Chinese Bulletin of Botany
2016, 51 (
):
226-234.
Using meteorological and evapotranspiration (ET) data acquired at the Eddy Covariance Flux tower in Qian- yanzhou, Jiangxi Province, for 2003 to 2007, we evaluated the applicability of 8 widely used evapotranspiration simulation models (Priestly-Taylor, Blaney-Criddle, Hargreaves-Samani, Jensen-Haise, Hamon, Turc, Makkink and Thornthwaite) for a forest ecosystem. Among these 8 models, the Priestly-Taylor model was the best (R=0.953) on a daily time scale, the Makkink model was the best (R=0.995) on a monthly scale, and the Thornthwaite model was the worst on a monthly scale (RMSE=15.559, MBE=13.436). The Jensen-Haise model failed in simulation of ET on both day and month scales.
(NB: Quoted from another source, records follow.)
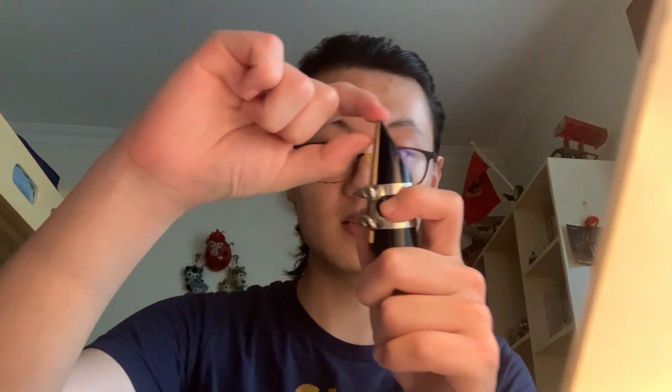Next, place the mouthpiece in our mouth to where the reed and mouthpiece touch. About two thirds in our mouth is enough — like this is enough in our mouth.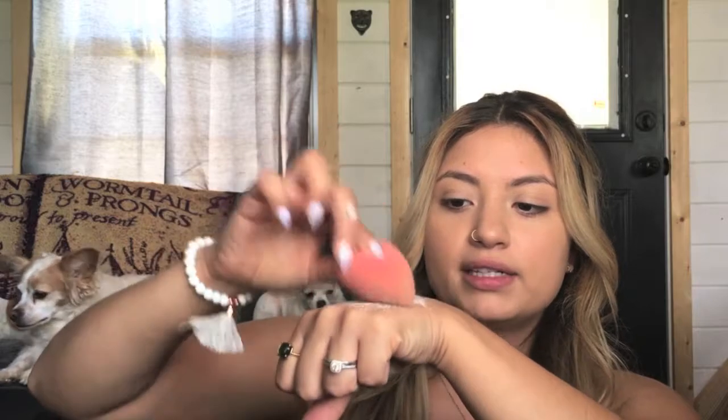Now that we've blended that out, it's time to set it. I'm going in with my Kat Von D Lock It Setting translucent powder. I'm just going to dip my beauty blender in there and bounce that on the palm of my hand to spread out the powder and not go in with too much product. I'm not trying to bake — I really just want to set my face so that the product doesn't move. Now that our face is nice and set, we can go in with our powder products.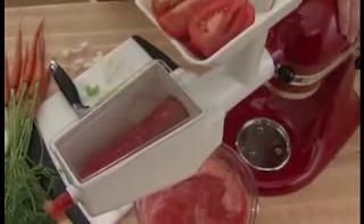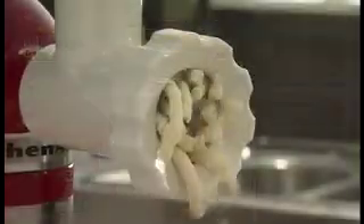Using the power of the stand mixer, you save time, turning fresh ingredients into delicious results. The food grinder produces fresh ground ingredients for your recipes.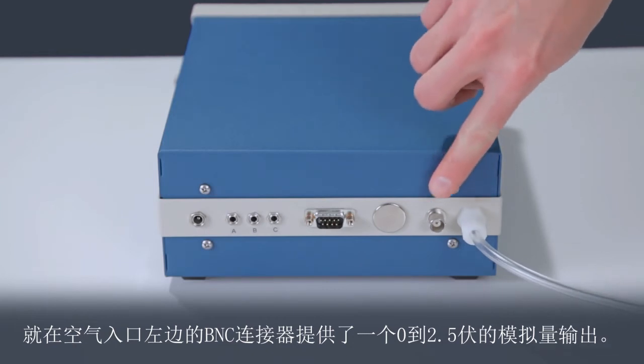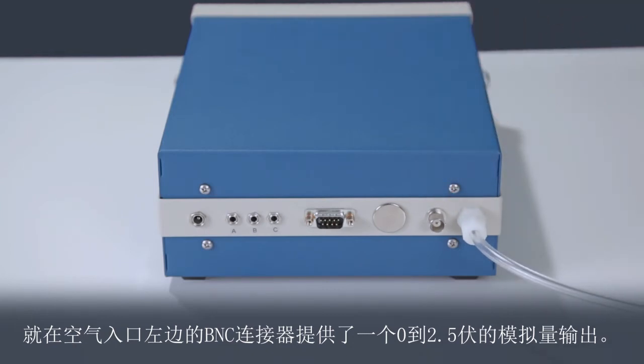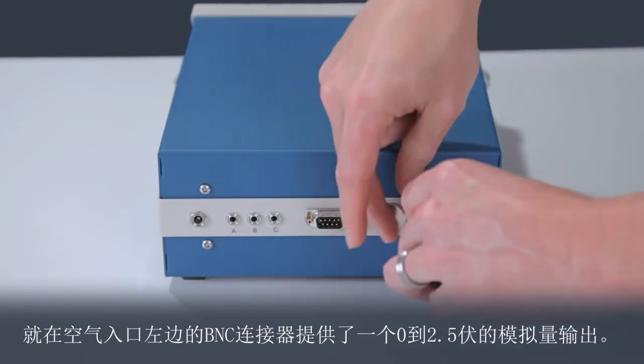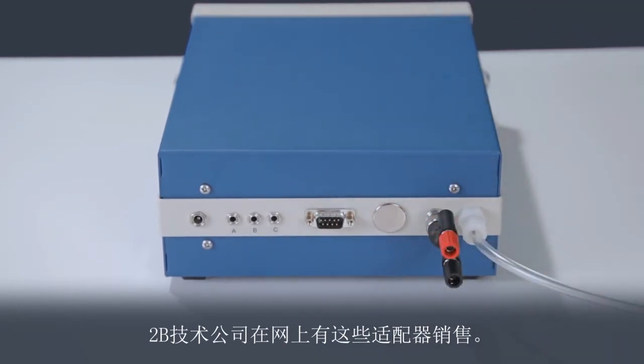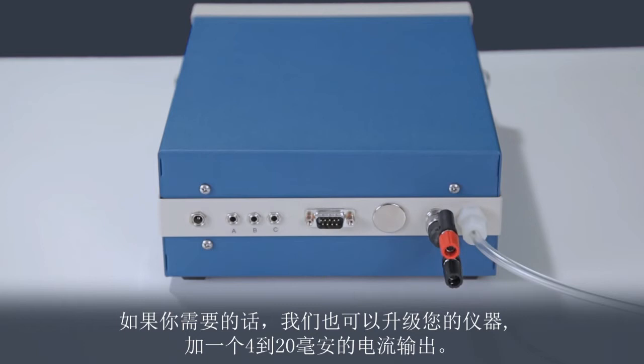The BNC connector just to the left of the air inlet provides a 0 to 2.5 volt analog output. 2B Technologies has these adapters available for sale online. We can also upgrade your instrument to include a 4 to 20 milliamp current output if you require it.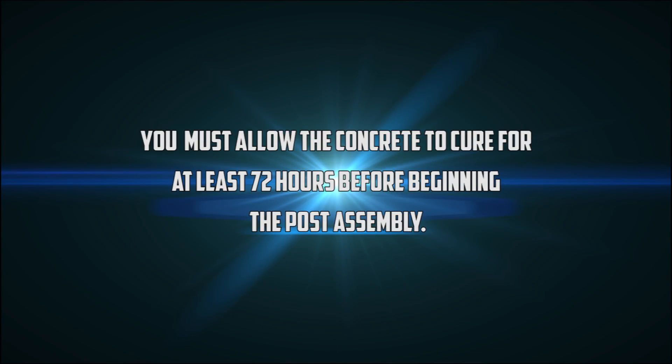You must allow the concrete to cure for at least 72 hours before beginning the post assembly.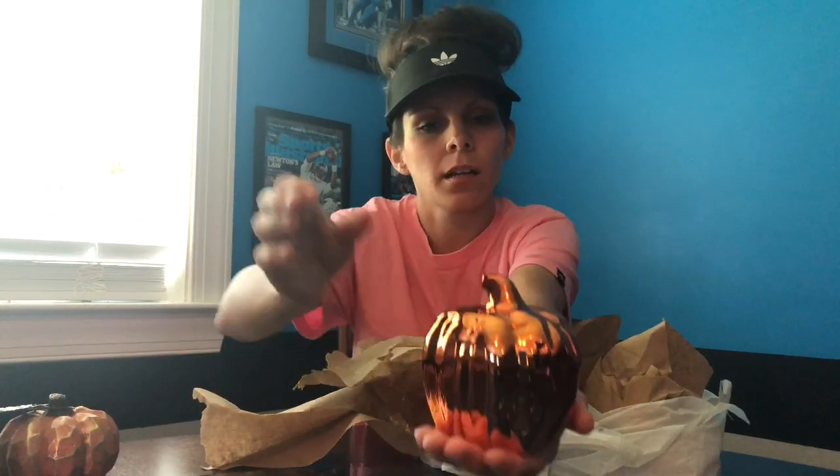I've got this glass orange chrome-looking pumpkin — orange chrome, I guess. I don't know what you call it, I just thought it was pretty.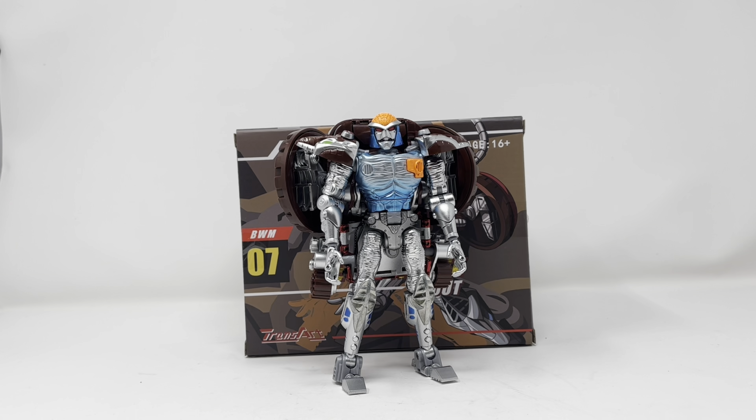What is up folks, welcome to another edition of Billy the Kid's No Bullshit Toy Reviews. Today we are taking a look at Trans Art BWM07 Metal Mouse — this is masterpiece-scaled Transmetal Rattrap and he's gorgeous.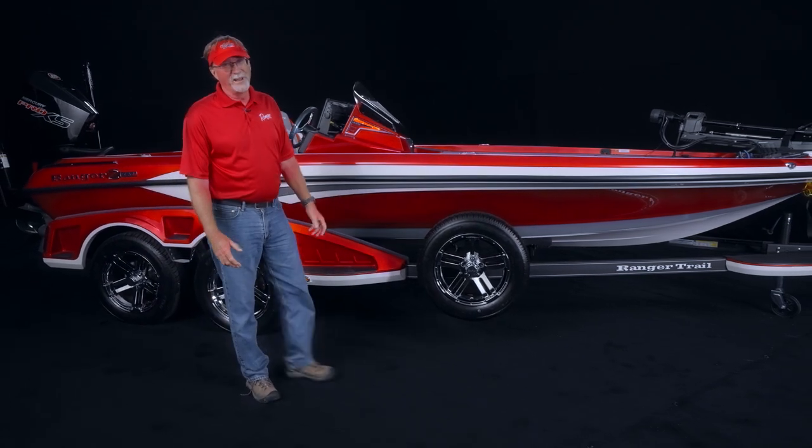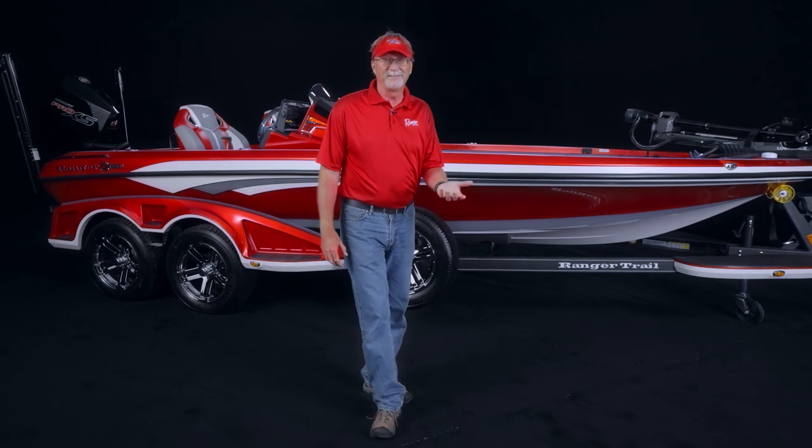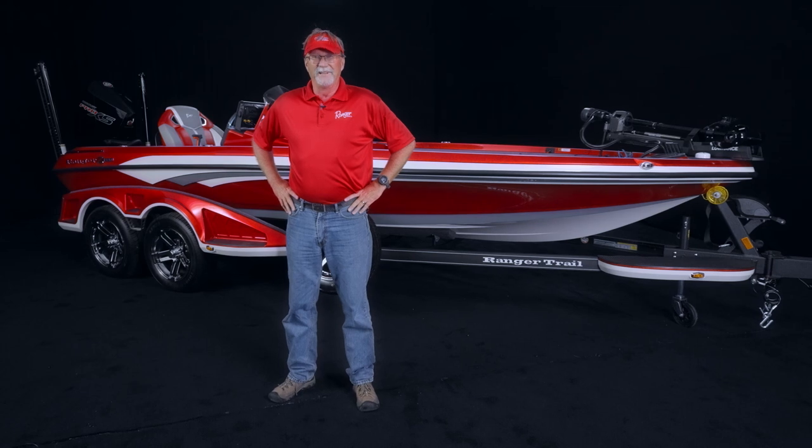Hi, I'm Wade Middleton, host of the Bass Pro Shops Fisherman's Handbook, Americana Outdoors, Fishing and Hunting Texas, and more. I've been with Ranger Boats for a very long time, and during that period I've seen a tremendous amount of innovation. But I'm here to tell you I'm excited to show you something new now.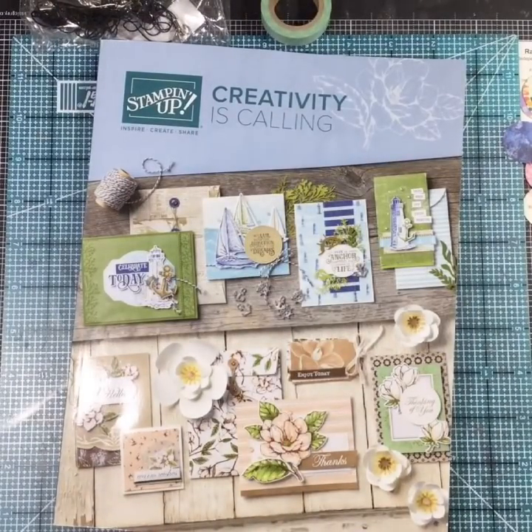Hi everybody, it's Randy from Randy's Crafty Creations and I am coming to you tonight live. One of the perks about being a Stampin' Up demonstrator is that you get to order ahead of time so that we can make all these beautiful samples for you guys, so that way when the catalog goes live you can see all this goodness that was already made. I have my box of goodness sitting right here.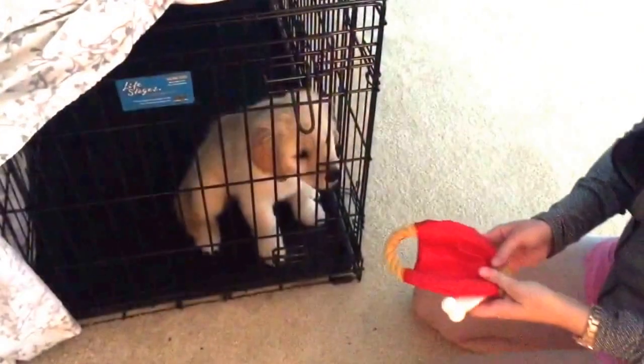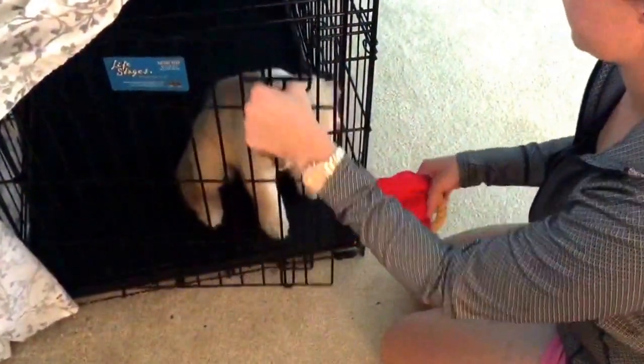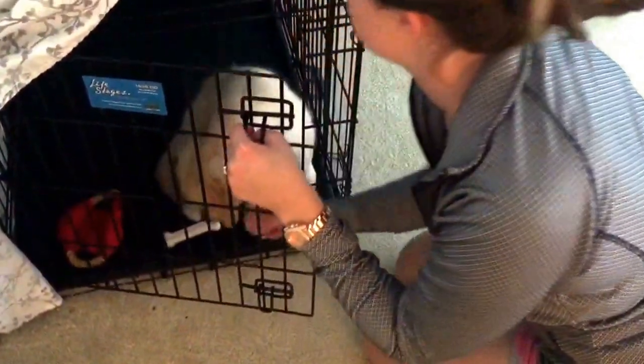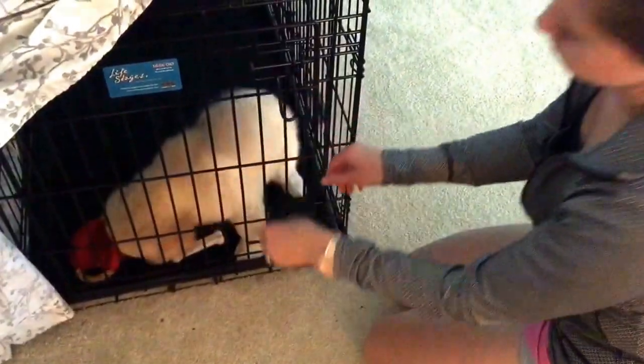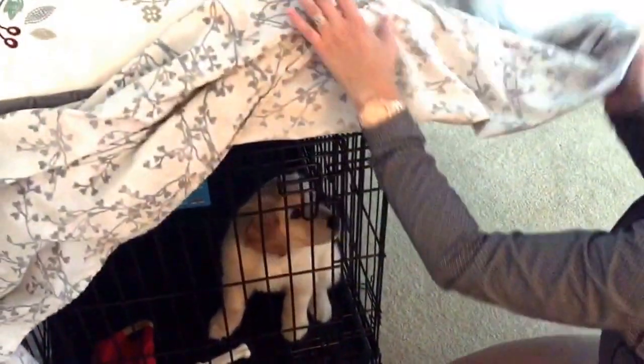We praise her like crazy and shut the door. Don't forget to give her something to do in there — usually a bone and a toy of some kind will be sufficient. Close the crate, cover the crate, and you have successfully put your puppy to bed.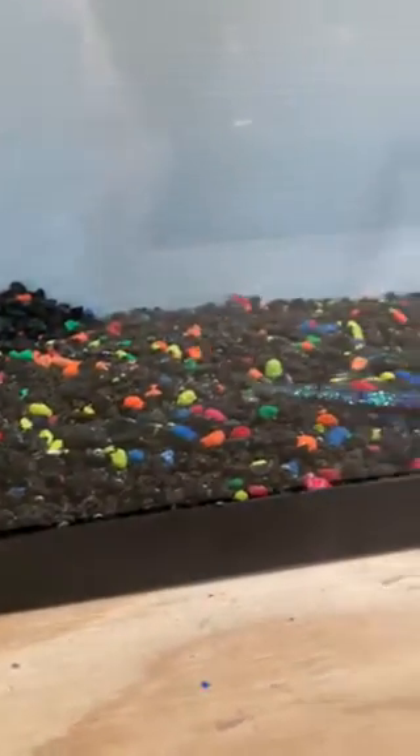All right, another way — here's a little dead rig I put together. Let it sit there and make it glide across the bottom like that right there.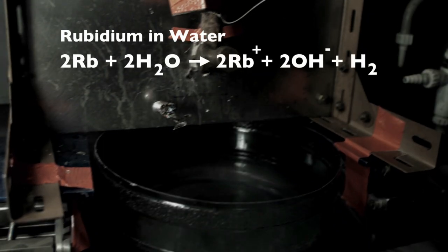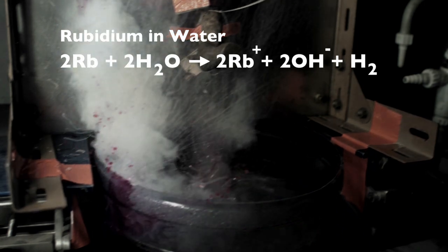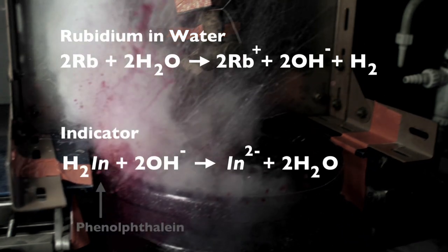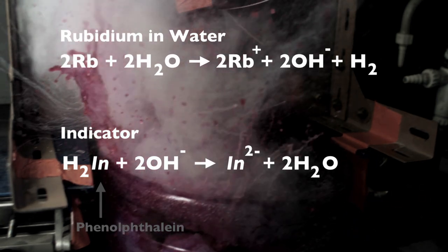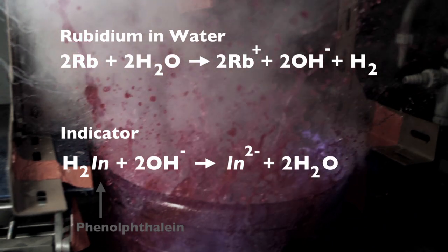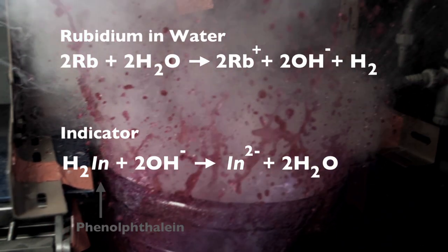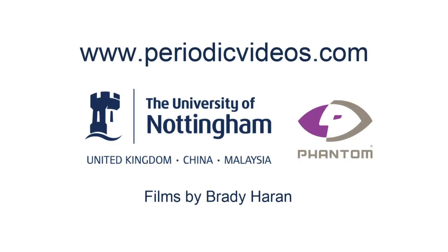The reaction takes place very much faster than the speed of our camera. The rubidium hydroxide is reacting with the acid — the colourless indicator — to make rubidium phenolphthalein plus water. So in effect, H⁺ is leaving the acid and reacting with OH⁻ to give water.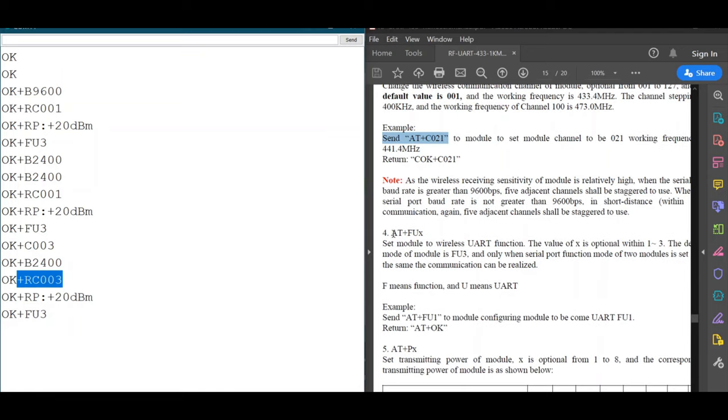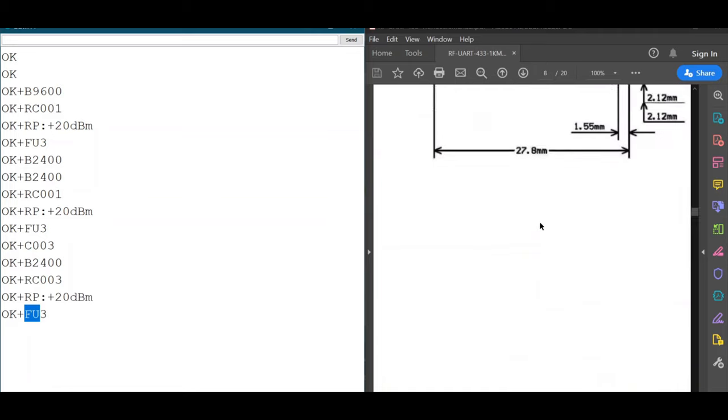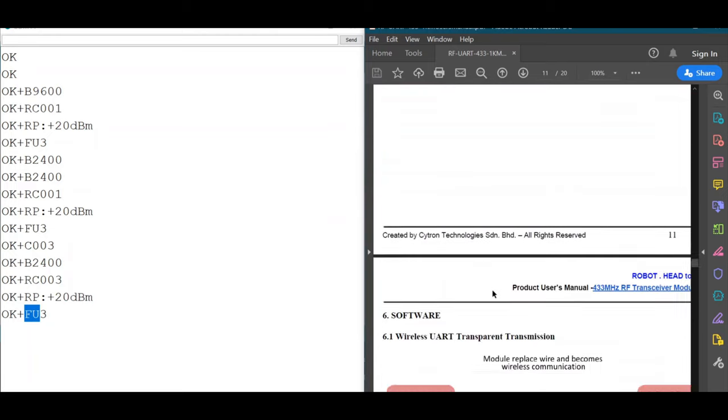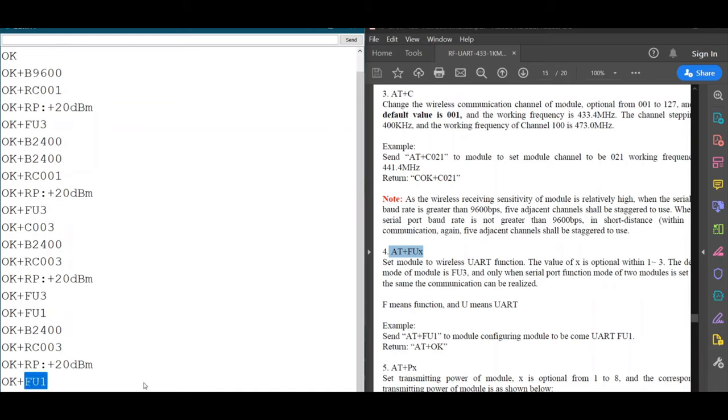Next is the function mode of the module. As mentioned, there are three modes: FU1, FU2, and FU3, each with different power consumption, sensitivity, and power modulation. To change the mode, we use the 'AT+FU' command. The default is FU3. Let's change it to FU1 by typing 'AT+FU1'. The module responds OK. Checking the parameters again confirms the module is now set to FU1. We have now changed the baud rate, channel, and function mode.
Partial correlation analysis of simulated ET against meteorological factors showed that the order of factors contributing to ET for the forest ecosystem was radiation>air temperature>surface pressure>wind speed>soil temperature>relative humidity>daytime length. Radiation was the most important driving factor for ET, which is consistent with the performance of radiation-based ET models (e.g., the Priestly-Taylor and Makkink models) being better than other models.